At state level, too, Australian rugby is in recession. An already shallow pool of talent has had to supply a new franchise, the Melbourne Rebels. This is akin to water from the Murray-Darling Basin having to provide for an entirely new state: the result, drought conditions almost everywhere. Only one team, last season’s champions the Queensland Reds, made it through to the knock-out stage of the Super 15, while three of the bottom five spots in the league were occupied by teams with an Australian flag next to their names: the Rebels, the Western Force and the New South Wales Waratahs. The Sydney-based franchise now seems in an almost perpetual state of dysfunction, while the Force is upending the ‘Go West’ spirit of the Australian economy: its best players, like O’Connor and the brilliant Pocock, are beating a path eastward.
‘Disruption and decay’ are everywhere, complains Greg Growden, the Sydney Morning Herald’s retiring rugby writer. ‘The defibrillator paddles have to be applied,’ says the Australian’s Wayne Smith, ‘and the first jolt needs to shake loose Robbie Deans from the coaching position.’

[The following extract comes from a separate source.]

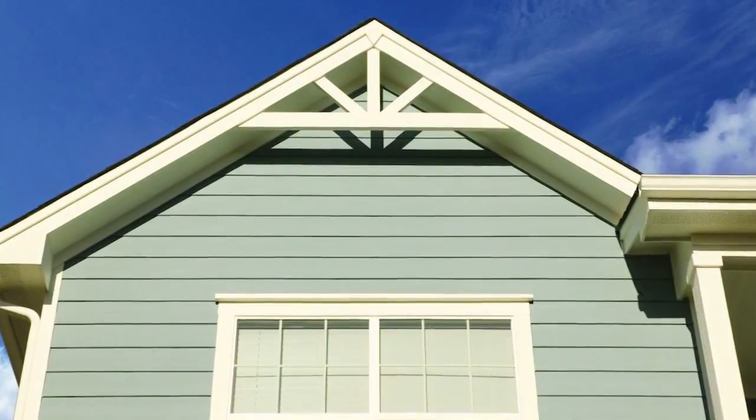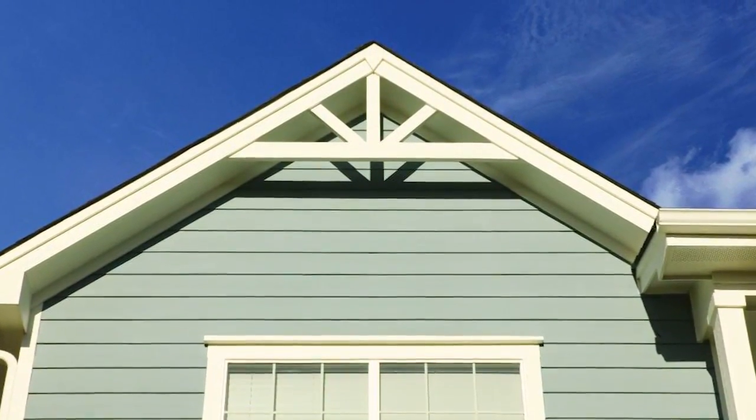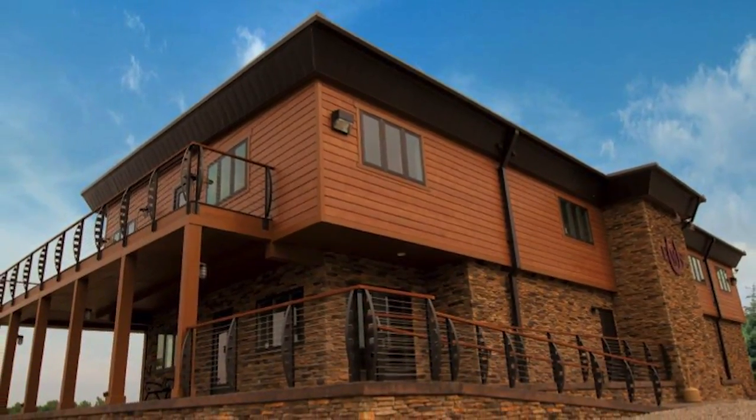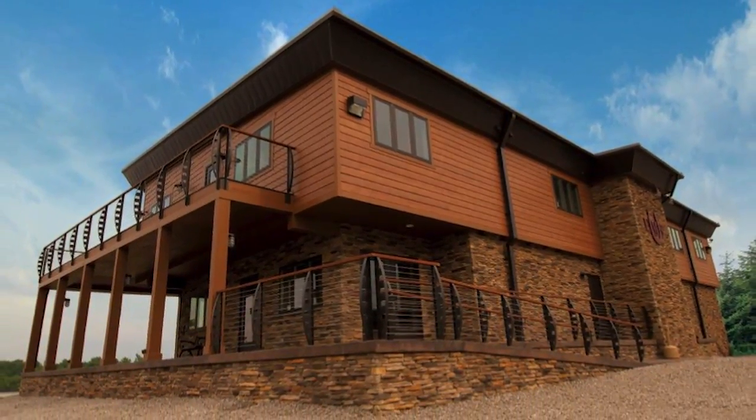If instead you have a beachfront home or you're in a desert or mountain setting, that's a whole different story. Beach homes are usually painted with lighter and cooler colors because they complement the sky and ocean, while desert or mountain homes look better when they're painted neutral and warm tones, more similar to the environment around them.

As taciturn as Cooper is tattooed, Deans has not adapted well since his move almost five years ago from New Zealand, where he stewarded the mighty Canterbury Crusaders to a record five Super titles. While his tenure has not been an unmitigated disaster — last year, he took the Wallabies to their first tri-nations victory, and the number two world ranking — his selection policies and tactics have been surprisingly changeable. The Wallabies have this year fielded five different full-backs and seven different centre combinations, which is partly through injury but also because of erratic selections. Deans’ gameplan focuses on stopping tries rather than scoring them, a sad comedown for a team once built around attacking buccaneers like David Campese and Mark Ella.
So lifeless has the style of play become that there have been times when I have suspected that Deans is secretly in cahoots with Mark Latham, and thus intent on proving the Latham Doctrine: that league is indeed the game that draws the celestial crowds, while union is broadcast on a continual loop in Purgatory, with extra replays of scrum collapses. Let us give thanks, then, for New Zealand, with their heavenly gales of attacking rugby.
What next? An away win against Argentina eases the pressure slightly on Robbie Deans, and he now looks set to take the team on its annual tour of the northern hemisphere, where at least three wins out of four against France, England, Italy and Wales will be needed to keep his job. Adding to the sense of instability and crisis, however, is the surprise departure last week of John O’Neill, the ARU’s longstanding chief executive, a Deans ally and a Cooper critic.
Just about the strongest reason not to sack Deans right now is that Cooper wants him gone. Were the New Zealander to stay, Australian rugby might lose its most lavishly gifted player to league. Such has been his adolescent petulance, however, that the Wallabies and their fans may well end up sighing, ‘Whatever’.
Nick Bryant, a BBC foreign correspondent, is the author of Adventures in Correspondentland.